Secondo Human Rights Watch, in Argentina ci sono già tra 400mila e 600mila aborti illegali ogni anno. La sanzione penale dell’aborto è davvero una soluzione?

 

Occorrerebbe valutare l’attendibilità di questi dati, in quanto per definizione sugli aborti clandestini non si hanno testimonianze né documenti, e non si capisce bene come si facciano a ottenere queste stime. In Italia per legalizzare l’aborto nel 1978 si mentì ampiamente sul numero di interruzioni di gravidanza illegali. Occorre quindi essere molto attenti per quanto riguarda i numeri riportati.
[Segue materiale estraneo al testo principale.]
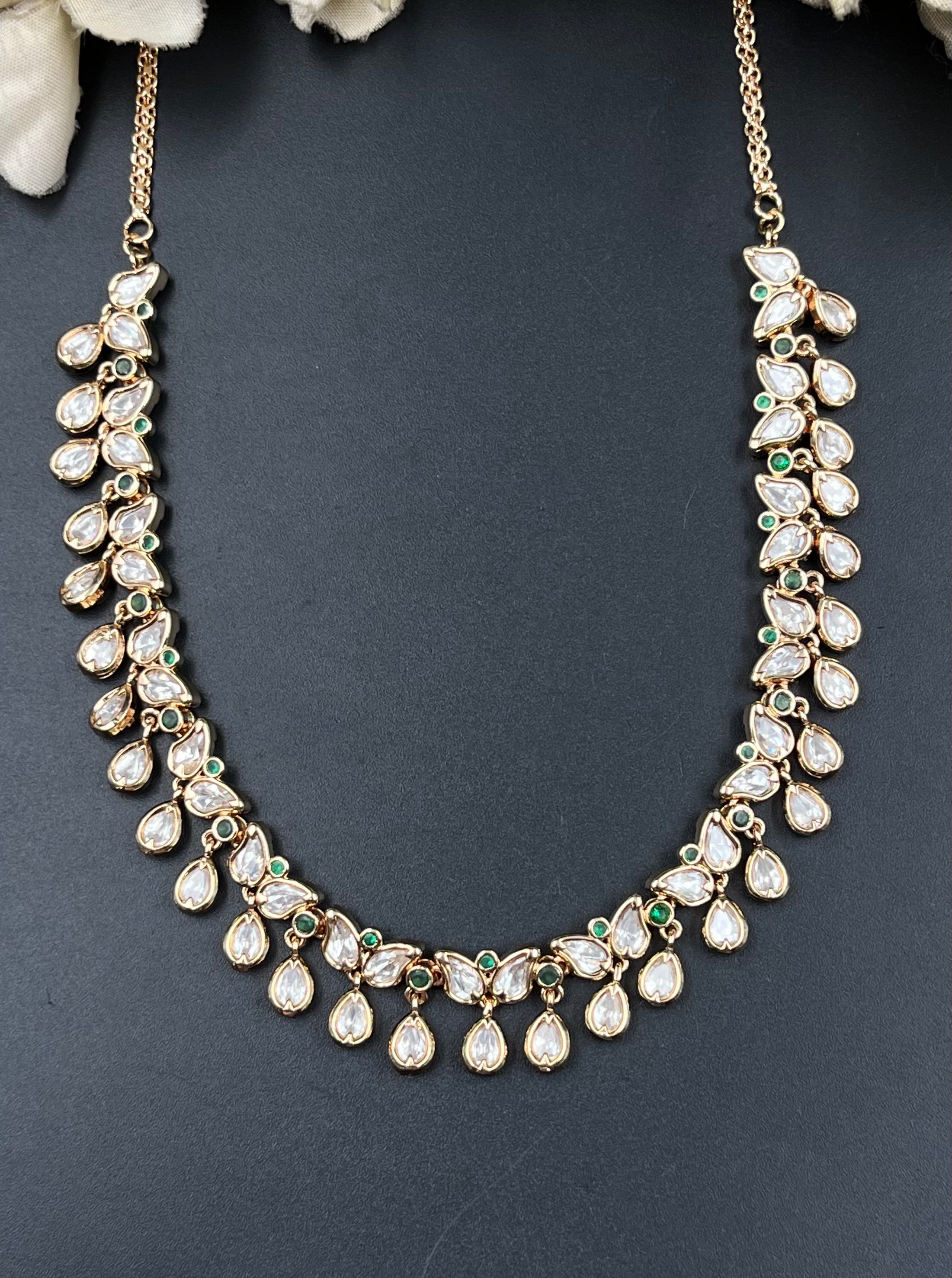 JIYAKS NECKLACE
A livello giuridico inoltre, lo Stato non deve interrogarsi su quanto certi comportamenti siano diffusi a livelli clandestino, bensì solo sulla bontà o malvagità delle condotte in riferimento al bene comune. Il legislatore deve dunque chiedersi soltanto se il feto è un essere umano, perché se la risposta è affermativa l’aborto è un omicidio. Anche omicidi su persone adulte, furti e sequestri di persona avvengono in modo “clandestino”, ma nessuno ha mai pensato di legalizzarli. Lo Stato continua a perseguirli ben sapendo che molti di questi non saranno mai scoperti.